Alton Sterling and Philando Castile, two black men, were killed by police officers on July 5th and 6th in separate incidents in separate parts of the country. Those events were unified by social media, where videos of the incidents swept the Internet (I’ve chosen not to post links here). Though none of the videos produced purely conclusive evidence about what happened, this reignited discourse about race in the United States and interactions between police and black people. Officer Nakia Jones posted a response to her viewing of Alton Sterling’s shooting. That response tipped me over the edge, and I spent the rest of the day reading articles, tweets, and posts.
All through the day, mixed in with posts about the shootings, I saw screenshots of Pokémon GO on Twitter and Facebook. I’ve never felt so conflicted about a game’s release in my life. I couldn’t find the momentum to write my own post, so I tweeted.

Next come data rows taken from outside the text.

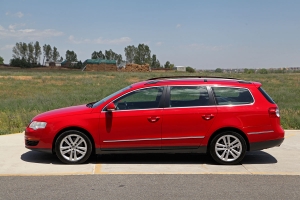 2008 Volkswagen Passat Wagon 2.0T thumbnail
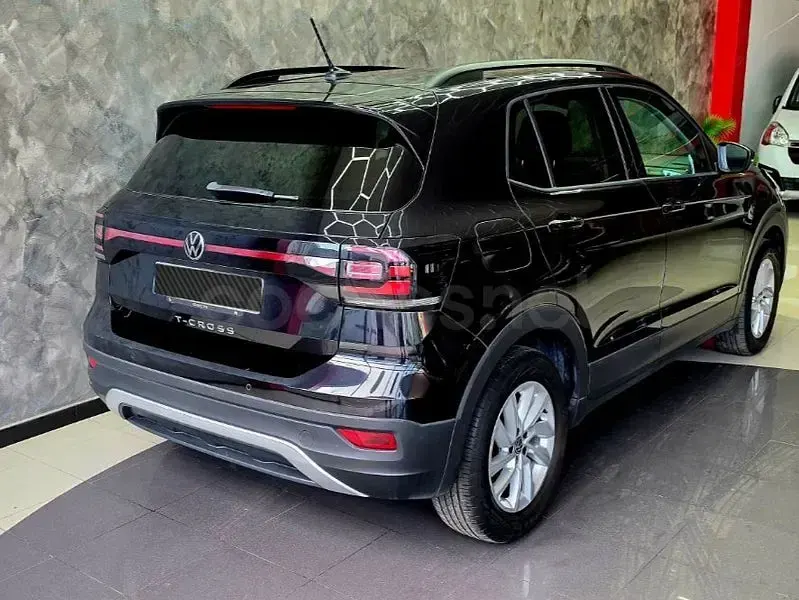 Usado VW T-Cross Advance 95 CV (69 kW) 2021 Negro SUV
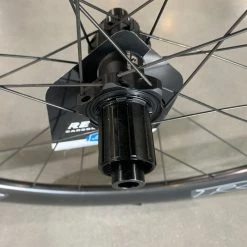 Reynolds AR58 Disc Carbon Clincher Tubeless Shimano Wheelset | Wheel Sets -Playtri - Middleton Sales 2022 MzfJWojai5oe5s4OU9LdAXw4U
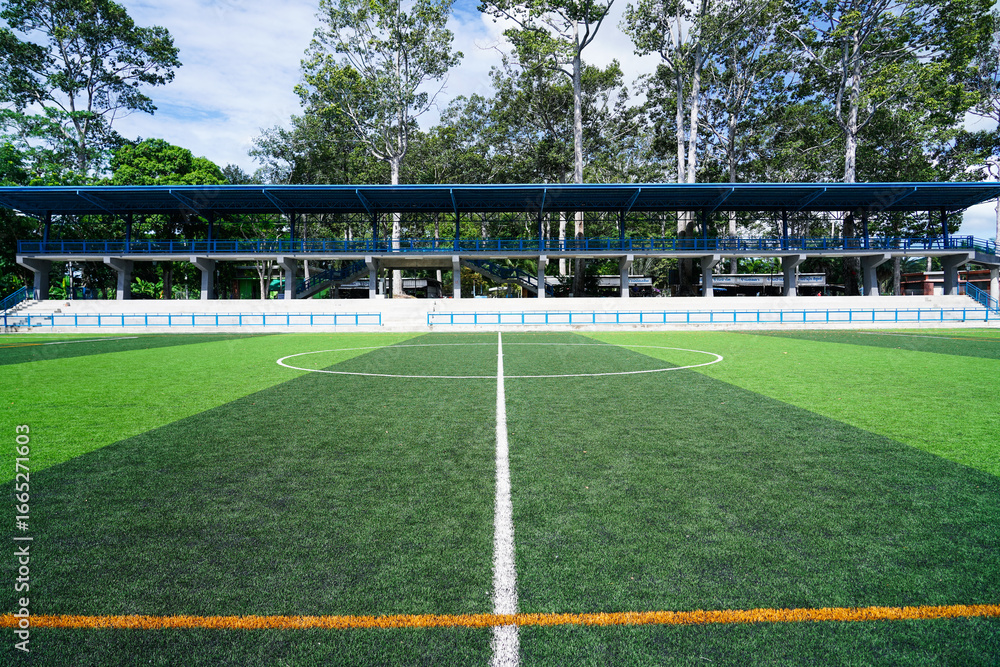 Obraz premium View of football border and center lines marking on the playing area. Empty soccer field with white lines.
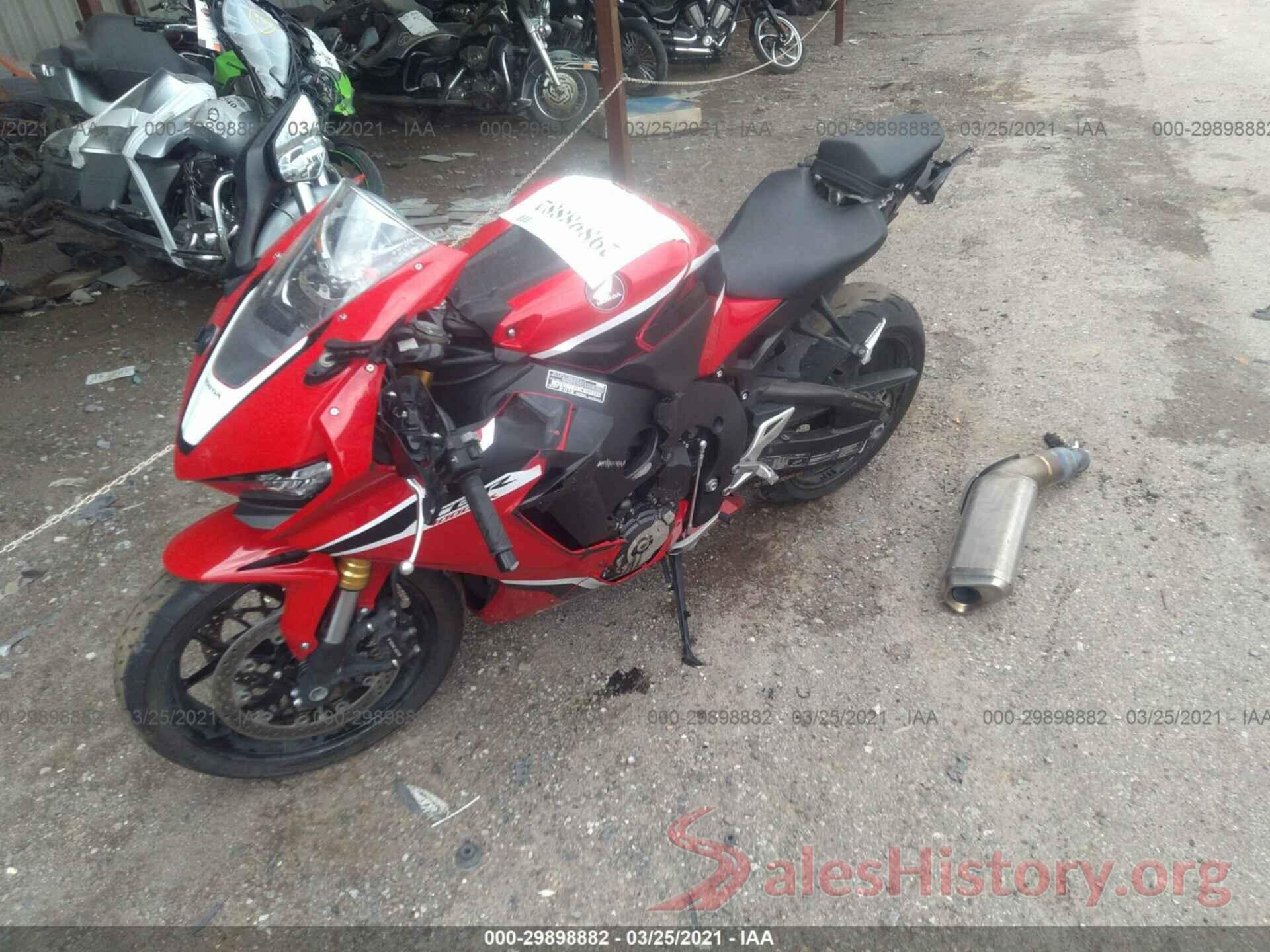 JH2SC7716JK100396 2018 HONDA CBR1000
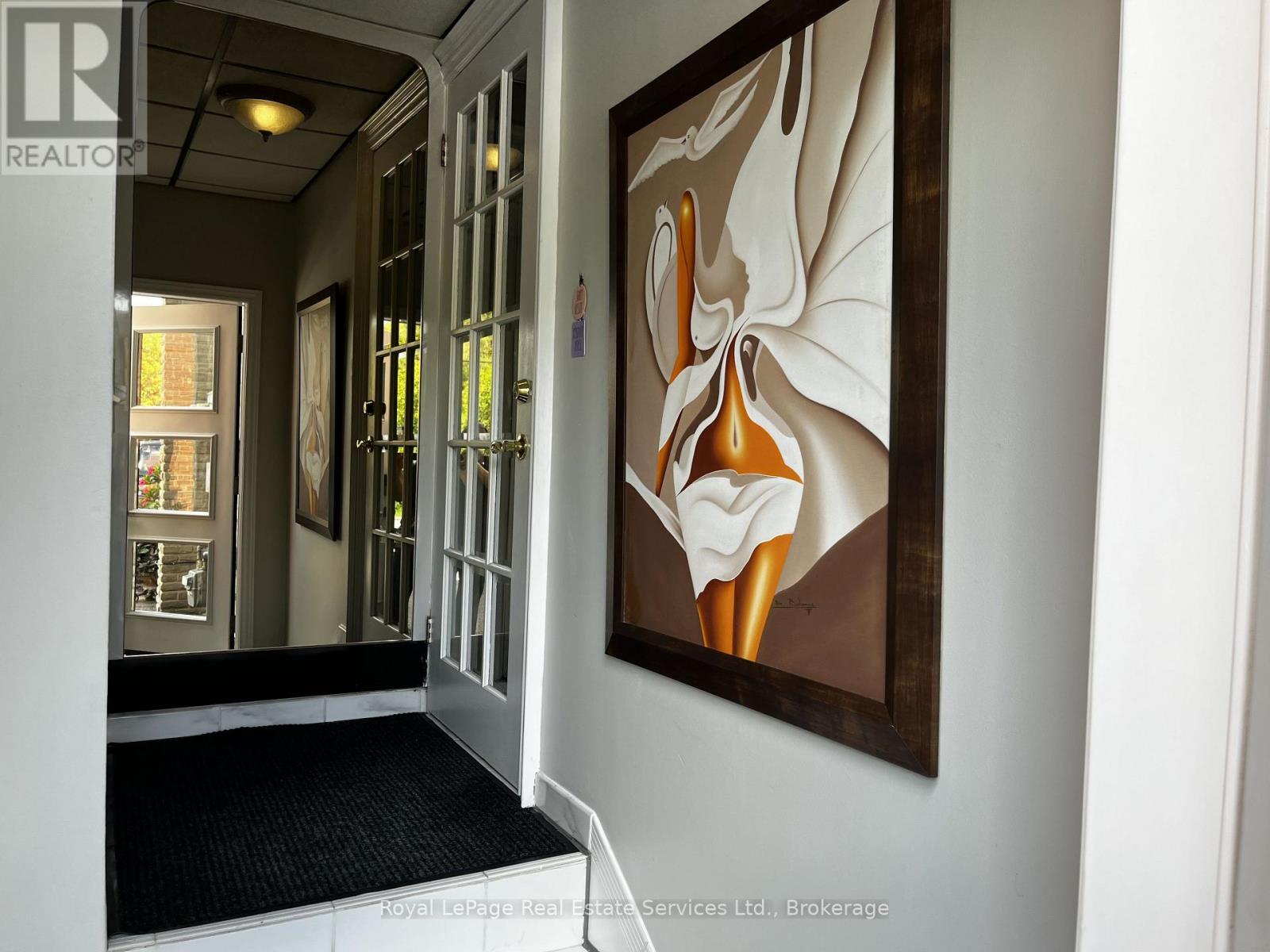 Lower Unit - 197 Broadway Street, Mississauga, Ontario  L5M 1H8 - Photo 3 - W13704620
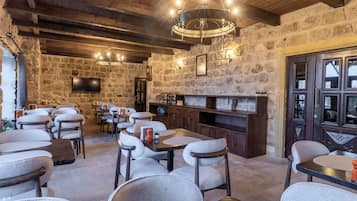 Habitación Deluxe doble, vistas al valle | Restauración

— Josh Boykin (@Wallstormer) July 7, 2016
On one hand, seeing so many people get excited about connecting with gaming, particularly some folks who aren’t regular “gamers,” feels amazing. Seeing people brought together by games thrills me most of the time, and the idea that people would have to get outside and walk around neighborhoods and parks to catch more Pokémon, maybe even meeting other people in the process? Fantastic.
But this close to these two shootings…as a black man, it just somehow felt irresponsible, irreverent to lose myself in childhood nostalgia. Each Pokémon GO post I saw also brought up a twinge of resentment, as if, for some, yesterday was just another day. It felt as if in some people’s minds, Alton Sterling and Philando Castile made the final, fast-paced journey from person to hashtag, making them roughly as important as leaks about the new Samsung Galaxy phone (maybe). A certain part of me resented the idea that there were people who could not take these shootings personally, that learning about the events and reading the reactions online didn’t make them feel less safe in the world.

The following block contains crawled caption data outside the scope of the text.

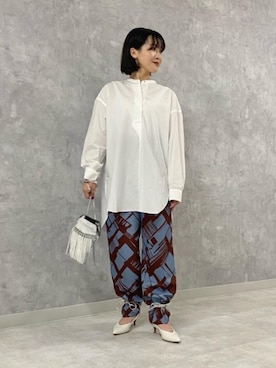 「ARRUM（アールム）のアイテム」を使った、河野　史保里さん（レディース・158cm）の夏コーディネート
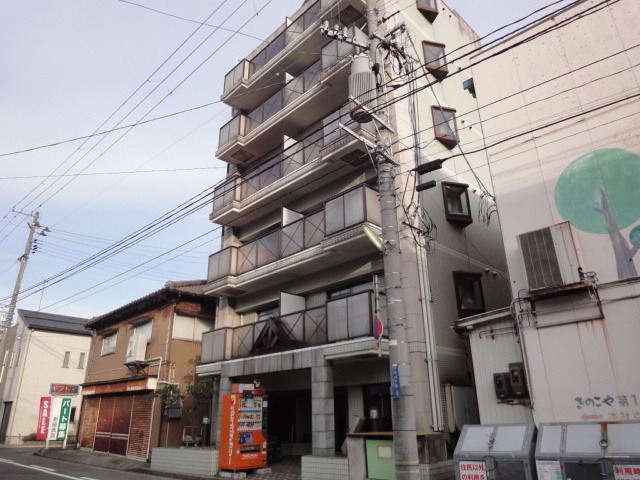 建物外観　６階建てのマンション！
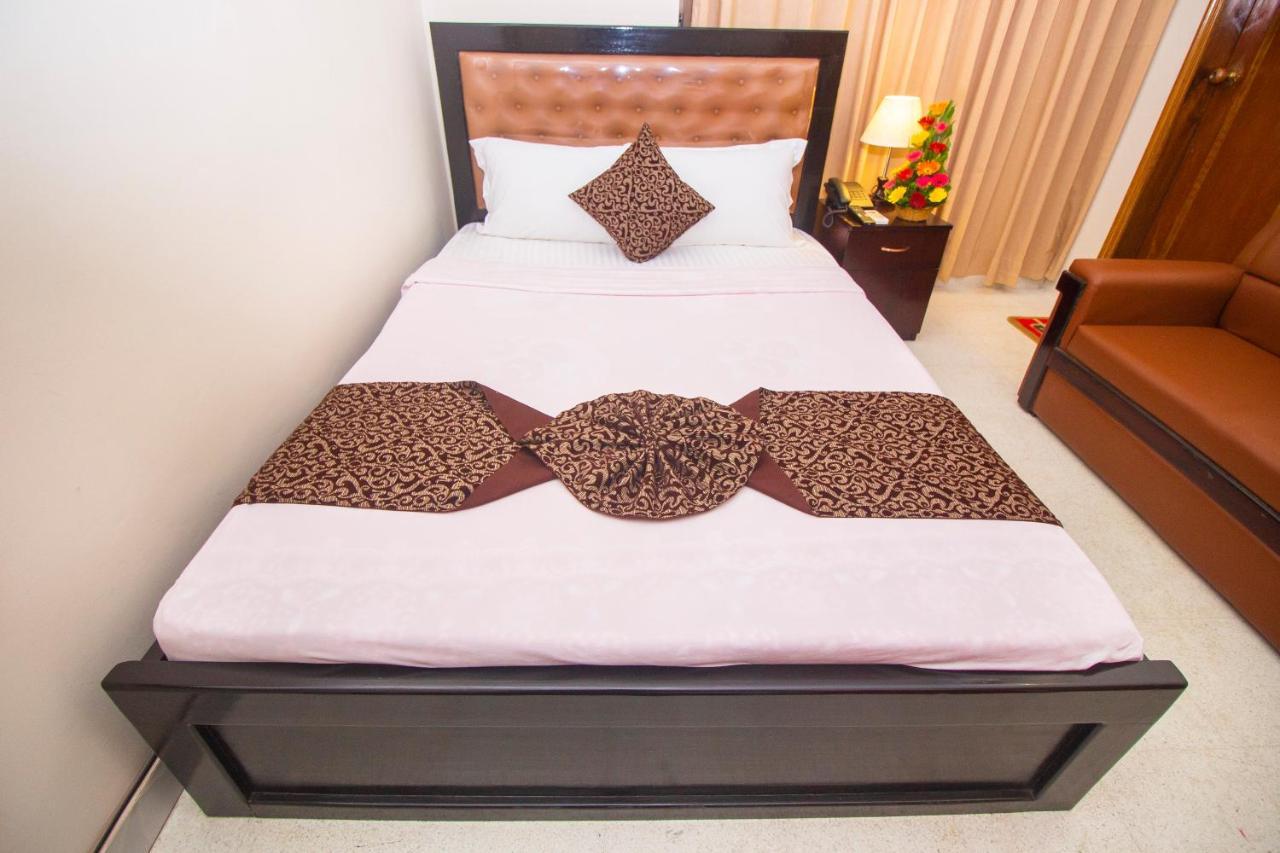 Hotel Suite Palace Дака Екстериор снимка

I think plenty of people had a great time exploring the world in search of new Pokémon. I think many of those people used the game as a form of self-care, an escape from the whirlpool of anger and vitriol online. But, as I saw on Facebook, the quest to “catch ’em all” also reminded some people of exactly what they were trying to escape.
I escaped the online whirlpool by attending one of two marches here in Portland, a small gathering of roughly a hundred people at a park. It was good to be near both other POCs (people of color) and non-POC allies alike, seeing a physical gathering of people who were affected by the shootings and wanted to show support. I stood and talked to some friends, and looked over my left shoulder to see a guy on his phone, trying to shield view of his screen. He flicked his finger upwards from the bottom of the screen a couple of times, and I knew exactly what he was doing: throwing Pokéballs. There were the feelings of conflict all over again.

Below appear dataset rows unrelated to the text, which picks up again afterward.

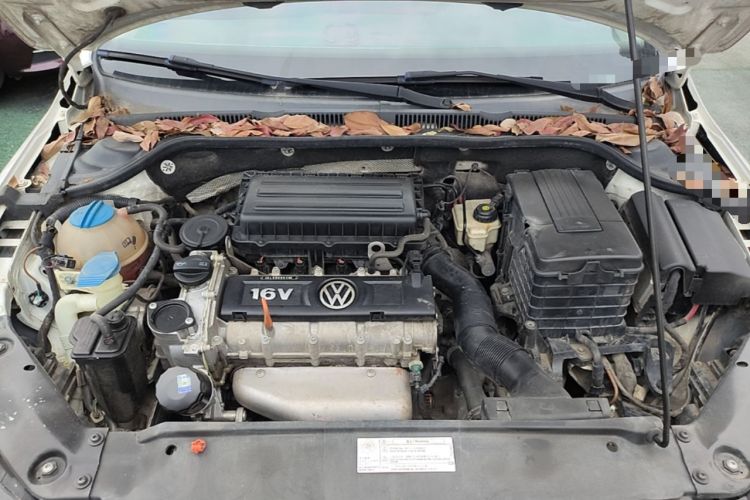 Used Volkswagen Sagitar 2014 Revised Version 1.6L Automatic Comfort Edition Engine Bay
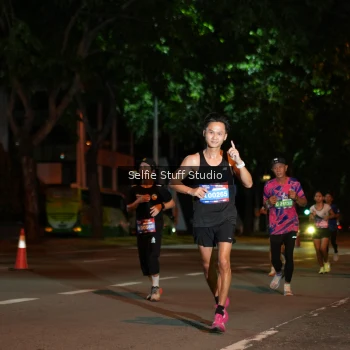 Runner Photo 3566365
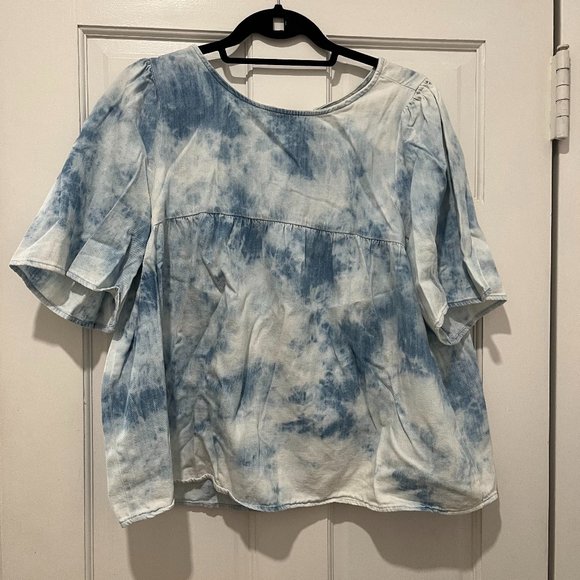 American Eagle Outfitters Tops - American Eagle Tie Dye Short Sleeve Blouse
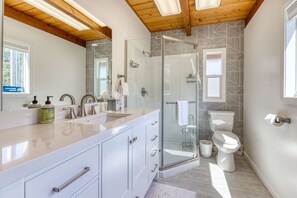 Articles de toilette gratuits, sĂšche-cheveux, serviettes fournies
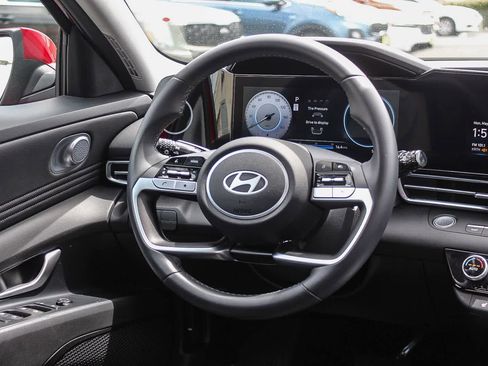 Certified 2025 Hyundai Elantra SEL FWD image 19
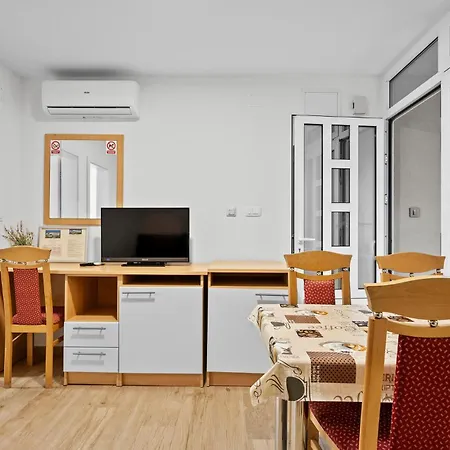 아파트 Cozy In Zaboric-brodarica
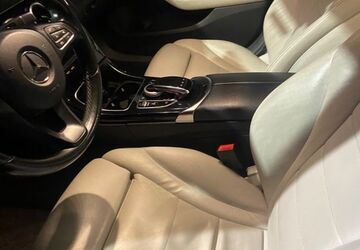 Mercedes-Benz 220 190.000 km 14.000 &euro; Gummersbach 51643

People made signs, shared words, and then marched for roughly a couple of miles. After the march, I went out to dinner with a couple of friends and we talked about the march, about the shootings, about whatever else we wanted. I thought I’d grabbed salmon cakes from the cooler and asked the deli people to warm them up, but didn’t fully process until finishing one of the two pieces that I’d gotten chicken breast. We laughed.
On the walk back to our cars, one of my friends got a text message from a friend of hers in Dallas: she was forced to drive through a police checkpoint. After checking Twitter, we learned about the attacks in Dallas, that three police officers were killed in what was supposedly a coordinated multi-sniper assault near a protest.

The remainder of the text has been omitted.